◆ Task item
Would you output the lines from the one containing "High low Aztec Sequin Dress - Picture 1 of 1" through the final line of the entries, exactly and with pictures omitted?

*** Task inputs ***

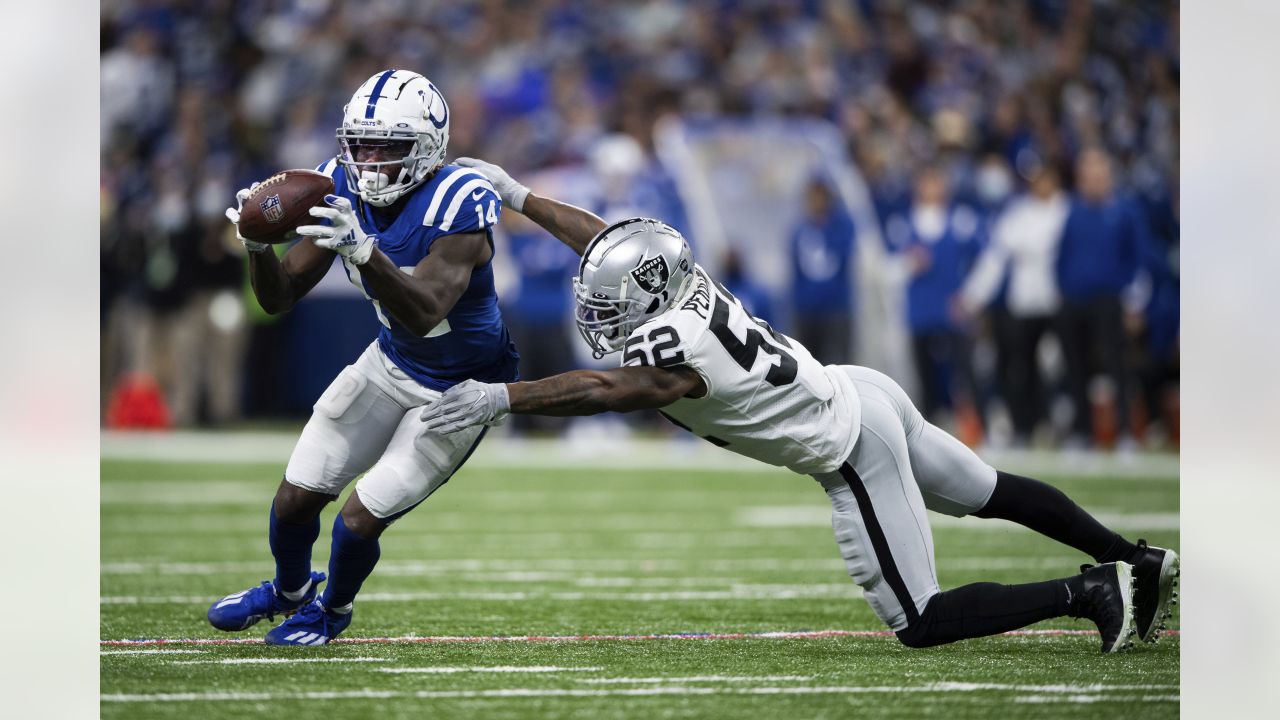 AFC inside linebacker Denzel Perryman of the Las Vegas Raiders (52) during  the first half of the Pro Bowl NFL football game, Sunday, Feb. 6, 2022, in Las  Vegas. (AP Photo/Rick Scuteri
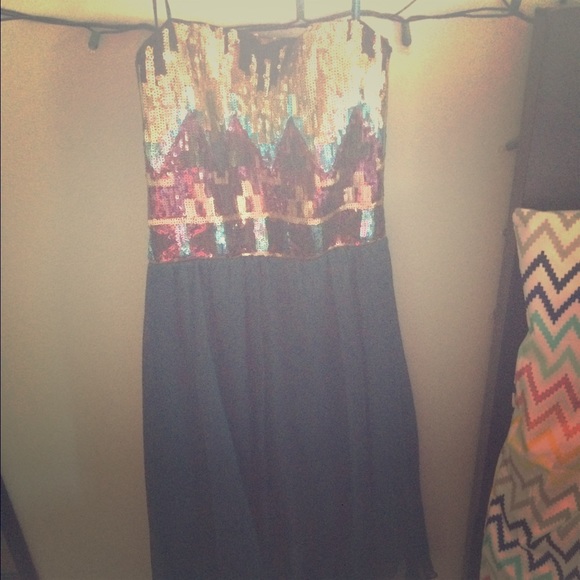 High low Aztec Sequin Dress - Picture 1 of 1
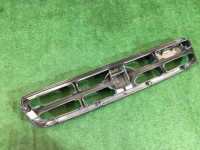 フロントグリル SUBARU LANCASTER OEM 91121AE260 BHE BH9 2002 Silver 1U2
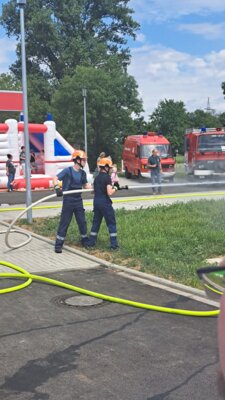 Foto des Albums: Einweihung Feuerwehrgerätehaus und Fahrzeuge Porselen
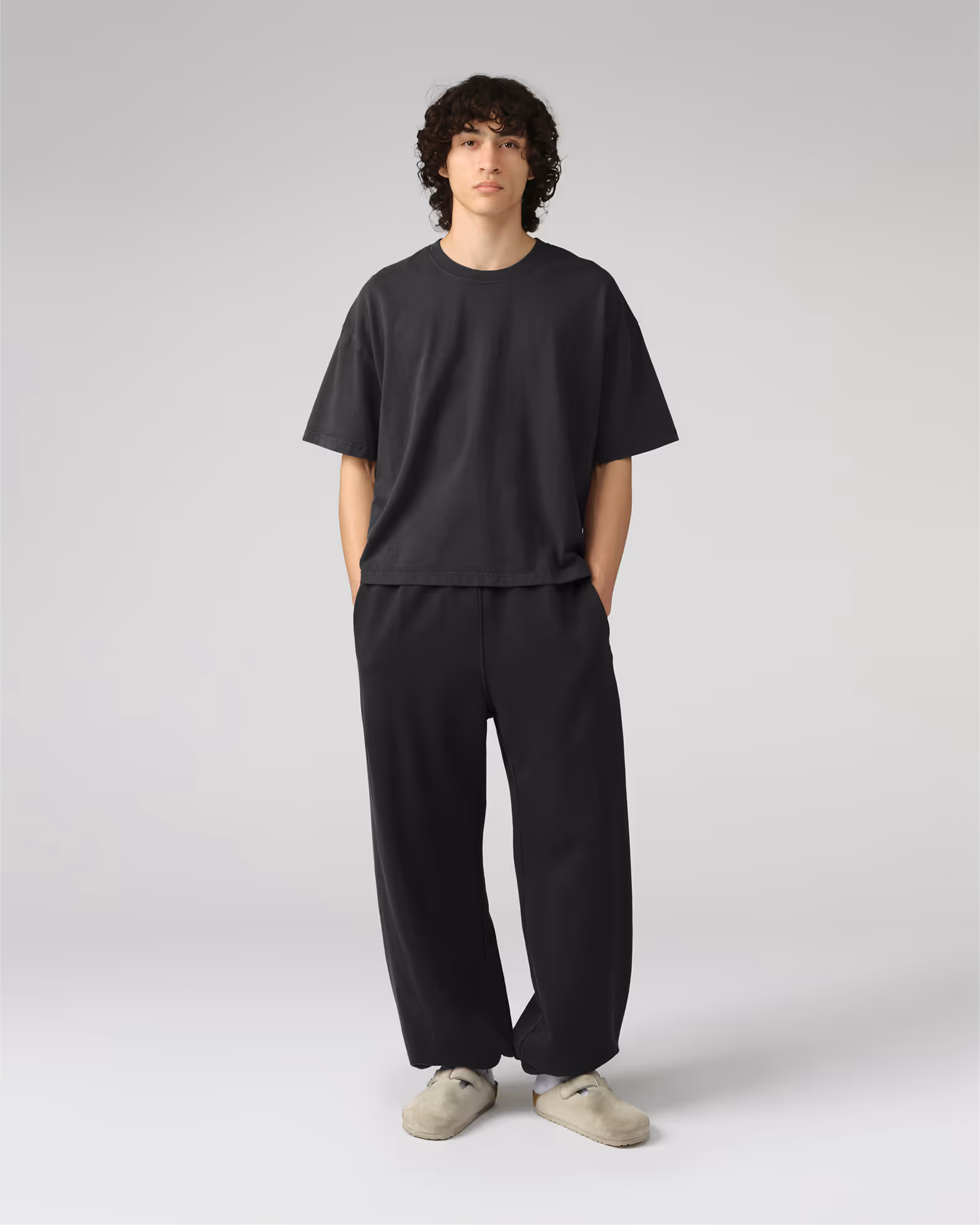 The classic jogger with wider proportions for a relaxed fit. Crafted from our heavyweight organic cotton fleece with natural rubber replacements for the waistband and ankle cuffs.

*** End of Task inputs ***

◆ Response to the task
 High low Aztec Sequin Dress - Picture 1 of 1
 フロントグリル SUBARU LANCASTER OEM 91121AE260 BHE BH9 2002 Silver 1U2
 Foto des Albums: Einweihung Feuerwehrgerätehaus und Fahrzeuge Porselen
 The classic jogger with wider proportions for a relaxed fit. Crafted from our heavyweight organic cotton fleece with natural rubber replacements for the waistband and ankle cuffs.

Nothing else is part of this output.